Morreu nesta quinta-feira, aos 82 anos, o advogado Coaracy Nunes Filho, que presidiu a CBDA (Confederação Brasileira de Desportos Aquáticos) por quase 30 anos, entre 1988 e 2017. Ele estava em um hospital na Barra da Tijuca, no Rio de Janeiro, estado onde viveu a maior parte de sua vida, após ter complicações na noite de 25/4, um dia antes de seu aniversário.

O ex-dirigente sofria de diabetes, hidrocefalia e demência senil, de acordo com sua família. No hospital, foi confirmado que Coaracy tinha Covid-19, a doença causada pelo novo coronavírus. De acordo com a filha, um teste mais recente deu negativo, mas, após a cirurgia da semana passada, ele não acordou mais e, nesta quinta, faleceu. Segundo Luciana Nunes, o quadro terminal de Alzheimer foi determinante para o óbito. Ele deixa a mulher, Maria da Glória Nunes, duas filhas e um filho.

– O Coaracy semana passada estabilizou clinicamente, chegando a negativar o Covid-19 e, na execução de tomografia para verificar a piora do nível de consciência, foi evidenciado um aumento dos hematomas subdurais bilaterais já existentes. Foi realizada uma cirurgia para alivio da pressão intracraniana na ultima quinta-feira, mas, infelizmente, o Coaracy não despertou e constatou o que já esperávamos uma fase terminal do Alzheimer. Na manhã de hoje, dia 14 de maio, fez sua passagem de forma tranquila. Sinto-me privilegiada de ter o Coaracy como meu pai, mentor, amigo e de poder acompanhá-lo em toda sua trajetória como um homem realizador e amante incondicional do esporte. Um exemplo para meus filhos… e que seu carinho , sorriso, alegria, espontaneidade e empolgação inspire as pessoas de bem – falou Luciana Nunes, filha de Coaracy.

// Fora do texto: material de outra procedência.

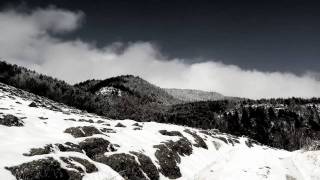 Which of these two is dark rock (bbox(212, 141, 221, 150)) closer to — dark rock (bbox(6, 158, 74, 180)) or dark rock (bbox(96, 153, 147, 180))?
dark rock (bbox(96, 153, 147, 180))

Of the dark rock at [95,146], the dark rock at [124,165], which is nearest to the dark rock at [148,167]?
the dark rock at [124,165]

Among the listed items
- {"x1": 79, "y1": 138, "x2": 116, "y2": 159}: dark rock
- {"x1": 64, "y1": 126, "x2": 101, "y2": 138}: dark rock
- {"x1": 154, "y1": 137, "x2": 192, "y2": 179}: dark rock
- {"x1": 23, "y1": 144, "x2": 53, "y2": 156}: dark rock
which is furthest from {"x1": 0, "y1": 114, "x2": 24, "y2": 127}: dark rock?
{"x1": 154, "y1": 137, "x2": 192, "y2": 179}: dark rock

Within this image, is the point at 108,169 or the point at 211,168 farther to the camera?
the point at 211,168

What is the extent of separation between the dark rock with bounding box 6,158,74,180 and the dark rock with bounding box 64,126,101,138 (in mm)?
15729

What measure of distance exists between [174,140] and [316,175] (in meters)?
25.0

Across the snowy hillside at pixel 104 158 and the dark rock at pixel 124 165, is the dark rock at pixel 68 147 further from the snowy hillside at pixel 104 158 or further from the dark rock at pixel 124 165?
the dark rock at pixel 124 165

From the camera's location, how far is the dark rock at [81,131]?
49.7m

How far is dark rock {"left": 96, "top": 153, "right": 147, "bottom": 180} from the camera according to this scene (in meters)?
41.0

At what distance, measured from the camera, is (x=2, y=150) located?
1297 inches

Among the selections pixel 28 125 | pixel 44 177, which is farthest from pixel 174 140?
pixel 44 177

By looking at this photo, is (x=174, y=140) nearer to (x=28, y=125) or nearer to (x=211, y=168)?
(x=211, y=168)

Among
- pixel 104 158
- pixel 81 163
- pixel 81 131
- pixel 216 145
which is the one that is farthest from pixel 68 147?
pixel 216 145

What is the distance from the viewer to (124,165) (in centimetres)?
4203

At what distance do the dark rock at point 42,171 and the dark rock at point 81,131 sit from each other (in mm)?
15729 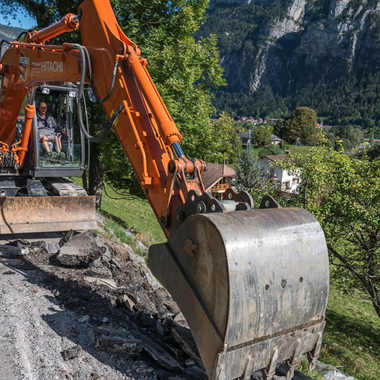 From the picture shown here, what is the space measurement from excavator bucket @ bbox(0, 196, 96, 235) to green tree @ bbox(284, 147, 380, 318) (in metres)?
6.47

Durante a passagem do paraense pela entidade, as modalidades aquáticas brasileiras conquistaram dez medalhas olímpicas, das quais uma de ouro, três de prata e seis de bronze (os atletas que subiram ao pódio foram Gustavo Borges, Fernando Scherer, Carlos Jayme, Edvaldo Valério, Cesar Cielo, Thiago Pereira e Poliana Okimoto).

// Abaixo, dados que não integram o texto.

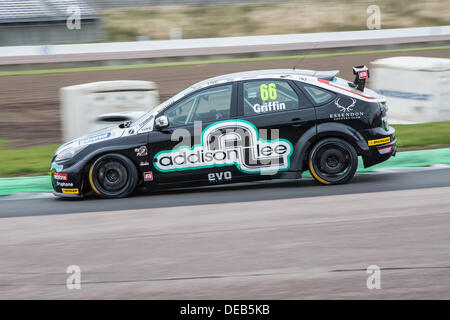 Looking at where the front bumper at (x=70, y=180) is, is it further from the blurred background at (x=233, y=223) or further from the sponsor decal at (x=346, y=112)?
the sponsor decal at (x=346, y=112)

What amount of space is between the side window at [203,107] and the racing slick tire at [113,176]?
31.6 inches

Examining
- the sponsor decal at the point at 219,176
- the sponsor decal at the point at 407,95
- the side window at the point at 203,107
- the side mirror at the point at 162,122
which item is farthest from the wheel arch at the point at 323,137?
the sponsor decal at the point at 407,95

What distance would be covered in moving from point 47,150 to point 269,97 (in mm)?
5420

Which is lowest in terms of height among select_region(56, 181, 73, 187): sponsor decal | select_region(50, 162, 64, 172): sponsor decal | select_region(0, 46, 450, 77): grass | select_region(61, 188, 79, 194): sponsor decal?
select_region(61, 188, 79, 194): sponsor decal

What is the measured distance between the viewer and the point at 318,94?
8453 millimetres

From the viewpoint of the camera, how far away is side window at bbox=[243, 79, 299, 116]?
27.6ft

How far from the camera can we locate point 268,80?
8.48m

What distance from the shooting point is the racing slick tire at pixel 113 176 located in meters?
8.47

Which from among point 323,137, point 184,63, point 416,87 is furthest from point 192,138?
point 184,63

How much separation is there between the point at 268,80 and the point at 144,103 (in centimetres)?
405

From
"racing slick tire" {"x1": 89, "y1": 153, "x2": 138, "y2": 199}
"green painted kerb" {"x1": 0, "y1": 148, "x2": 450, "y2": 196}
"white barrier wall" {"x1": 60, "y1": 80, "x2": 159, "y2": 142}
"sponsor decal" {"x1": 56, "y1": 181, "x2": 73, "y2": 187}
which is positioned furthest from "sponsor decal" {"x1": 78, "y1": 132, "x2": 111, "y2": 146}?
"white barrier wall" {"x1": 60, "y1": 80, "x2": 159, "y2": 142}

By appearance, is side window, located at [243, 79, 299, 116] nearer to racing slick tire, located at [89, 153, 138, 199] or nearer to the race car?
the race car

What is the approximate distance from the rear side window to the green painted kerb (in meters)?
1.70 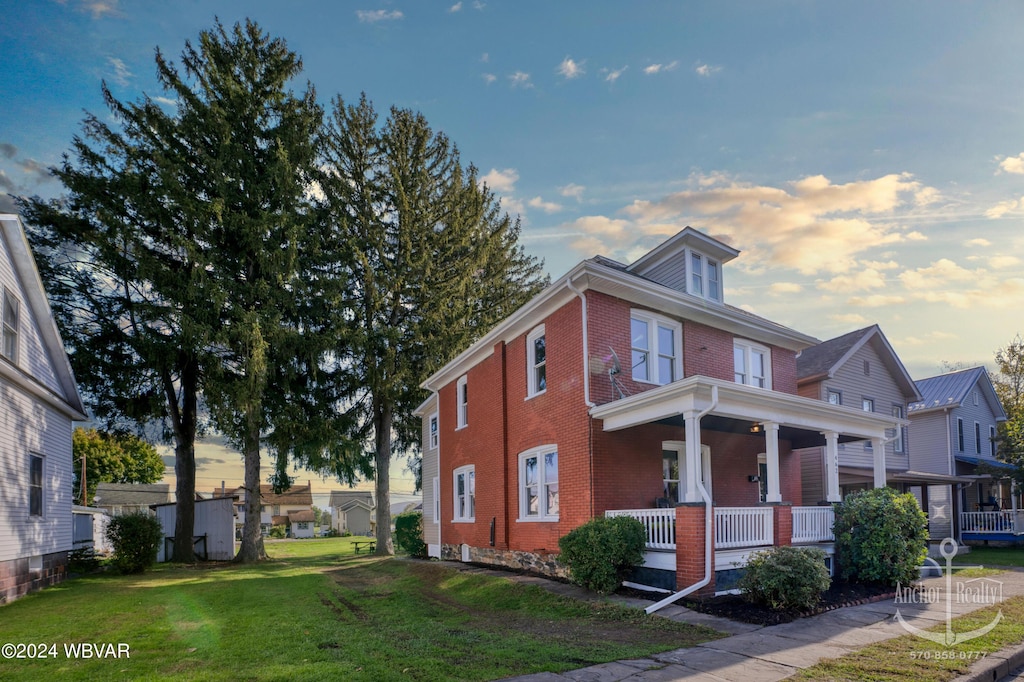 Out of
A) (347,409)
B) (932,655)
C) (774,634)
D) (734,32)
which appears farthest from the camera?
(347,409)

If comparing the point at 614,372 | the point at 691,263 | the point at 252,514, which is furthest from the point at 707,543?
the point at 252,514

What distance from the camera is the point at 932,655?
7938mm

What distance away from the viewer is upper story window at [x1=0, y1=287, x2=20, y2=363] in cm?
1451

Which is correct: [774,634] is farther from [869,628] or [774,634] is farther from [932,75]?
[932,75]

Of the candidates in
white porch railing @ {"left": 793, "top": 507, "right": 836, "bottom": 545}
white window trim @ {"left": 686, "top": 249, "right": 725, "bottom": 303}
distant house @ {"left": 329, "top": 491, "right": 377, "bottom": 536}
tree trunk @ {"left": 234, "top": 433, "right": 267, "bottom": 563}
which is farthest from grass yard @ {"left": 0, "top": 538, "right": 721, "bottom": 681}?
distant house @ {"left": 329, "top": 491, "right": 377, "bottom": 536}

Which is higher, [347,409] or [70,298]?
[70,298]

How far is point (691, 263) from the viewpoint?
16.5 meters

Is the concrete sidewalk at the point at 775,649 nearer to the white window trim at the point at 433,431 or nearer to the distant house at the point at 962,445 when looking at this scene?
the white window trim at the point at 433,431

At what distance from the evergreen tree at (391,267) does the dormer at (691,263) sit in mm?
12075

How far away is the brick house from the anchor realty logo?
185 centimetres

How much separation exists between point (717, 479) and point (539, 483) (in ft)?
13.8

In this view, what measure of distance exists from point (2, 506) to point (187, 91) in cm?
1572

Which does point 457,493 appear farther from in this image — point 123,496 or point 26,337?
point 123,496

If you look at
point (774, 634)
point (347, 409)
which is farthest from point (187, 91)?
point (774, 634) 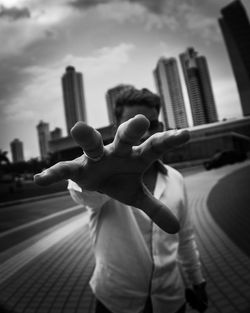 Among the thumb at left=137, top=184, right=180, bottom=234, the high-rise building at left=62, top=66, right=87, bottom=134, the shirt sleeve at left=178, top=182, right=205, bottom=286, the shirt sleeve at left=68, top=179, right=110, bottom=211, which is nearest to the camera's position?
the thumb at left=137, top=184, right=180, bottom=234

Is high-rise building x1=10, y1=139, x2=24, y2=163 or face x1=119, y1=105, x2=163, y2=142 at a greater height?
high-rise building x1=10, y1=139, x2=24, y2=163

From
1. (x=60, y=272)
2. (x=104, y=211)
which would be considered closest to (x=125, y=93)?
(x=104, y=211)

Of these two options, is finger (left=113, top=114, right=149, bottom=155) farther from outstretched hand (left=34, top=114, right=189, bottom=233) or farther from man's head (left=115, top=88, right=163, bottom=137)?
man's head (left=115, top=88, right=163, bottom=137)

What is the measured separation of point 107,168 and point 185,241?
90 cm

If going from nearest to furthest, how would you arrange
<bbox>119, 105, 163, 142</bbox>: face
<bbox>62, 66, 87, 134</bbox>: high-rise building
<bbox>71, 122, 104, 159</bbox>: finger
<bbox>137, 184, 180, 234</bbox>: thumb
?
<bbox>71, 122, 104, 159</bbox>: finger
<bbox>137, 184, 180, 234</bbox>: thumb
<bbox>119, 105, 163, 142</bbox>: face
<bbox>62, 66, 87, 134</bbox>: high-rise building

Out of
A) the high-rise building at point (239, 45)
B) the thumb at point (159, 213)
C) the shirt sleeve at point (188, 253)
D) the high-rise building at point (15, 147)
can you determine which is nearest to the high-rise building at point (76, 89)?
the thumb at point (159, 213)

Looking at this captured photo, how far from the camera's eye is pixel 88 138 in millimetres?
321

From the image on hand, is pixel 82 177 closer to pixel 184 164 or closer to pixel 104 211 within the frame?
pixel 104 211

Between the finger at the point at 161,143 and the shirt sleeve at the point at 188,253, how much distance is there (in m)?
0.74

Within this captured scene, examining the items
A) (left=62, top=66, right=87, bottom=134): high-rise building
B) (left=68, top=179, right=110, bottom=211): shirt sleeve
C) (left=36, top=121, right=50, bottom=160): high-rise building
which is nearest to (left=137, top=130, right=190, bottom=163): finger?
(left=62, top=66, right=87, bottom=134): high-rise building

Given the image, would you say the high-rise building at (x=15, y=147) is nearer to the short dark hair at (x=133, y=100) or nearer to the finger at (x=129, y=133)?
the short dark hair at (x=133, y=100)

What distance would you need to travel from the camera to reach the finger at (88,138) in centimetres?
30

Entidades e atletas lamentam a morte de Coaracy

Primeira atleta a conseguir uma medalha na maratona aquática em Olimpíadas, Poliana Okimoto, que foi bronze na Rio 2016, lembrou do ex-dirigente através de uma postagem em sua conta no Instagram.

– Que Deus possa cuidar dos corações da família. Tivemos nossas diferenças sim (e não foram poucas), mas foi na sua gestão que fui campeã mundial, medalhista olímpica e conquistei todos os meus sonhos e objetivos na minha carreira. Nunca me esquecerei que, após os Jogos Olímpicos de 2012, quando tive hipotermia e estava em depressão, ele foi uma das pouquíssimas pessoas que me apoiaram e me deram suporte para continuar perseguindo o sonho da medalha olímpica. Deixo aqui minha gratidão e meus sinceros sentimentos a toda a família.

Joanna Maranhão, que estava distribuindo cestas básicas para professores da rede municipal do Recife que não tiveram contrato renovado e não conseguem acessar o auxílio emergencial do governo federal de 600 reais.

A CBDA publicou em seu site oficial uma nota de pesar:

– A Confederação Brasileira de Desportos Aquáticos informa, com pesar, o falecimento de Coaracy Nunes Filho. Ex-presidente da CBDA, ele faleceu na manhã desta quinta-feira em um hospital do Rio de Janeiro, de causas ainda não divulgadas. Coaracy Nunes Filho foi eleito presidente da CBDA em 1988 e reeleito sucessivamente até 2013. Além de mandatário na Confederação, Coaracy foi presidente da CONSANAT e da UANA. Ele também fez parte do Bureau da Federação Internacional de Natação (FINA). A CBDA lamenta o falecimento de Coaracy Nunes Filho e se solidariza aos familiares e amigos do ex-presidente.

O Comitê Olímpico do Brasil também expressou seu lamento pelo falecimento:

– É com extremo pesar que o Comitê Olímpico do Brasil (COB) recebe a notícia do falecimento de Coaracy Nunes Filho. O ex-presidente da Confederação Brasileira de Desportos Aquáticos (CBDA) morreu na manhã desta quarta-feira, 14 de maio, no Rio de Janeiro, de causas ainda não divulgadas. Natural de Belém (PA), Coaracy dirigiu os esportes olímpicos do Fluminense e ocupou importantes cargos na Federação Aquática do Rio de Janeiro (FARJ). Em 1988, foi eleito pela primeira vez presidente da CBDA. Até 2017, quando encerrou seus mandatos, o Brasil conquistou dez medalhas olímpicas nos desportos aquáticos. Além de mandatário na entidade nacional, Coaracy foi presidente da Confederação Sul-americana de Natação (CONSANAT) e da União Americana de Natação (UANA). Ele integrou ainda o Bureau da Federação Internacional de Natação (FINA). Neste momento de dor, o COB se solidariza com familiares e amigos de Coaracy Nunes Filho e toda a comunidade aquática do país.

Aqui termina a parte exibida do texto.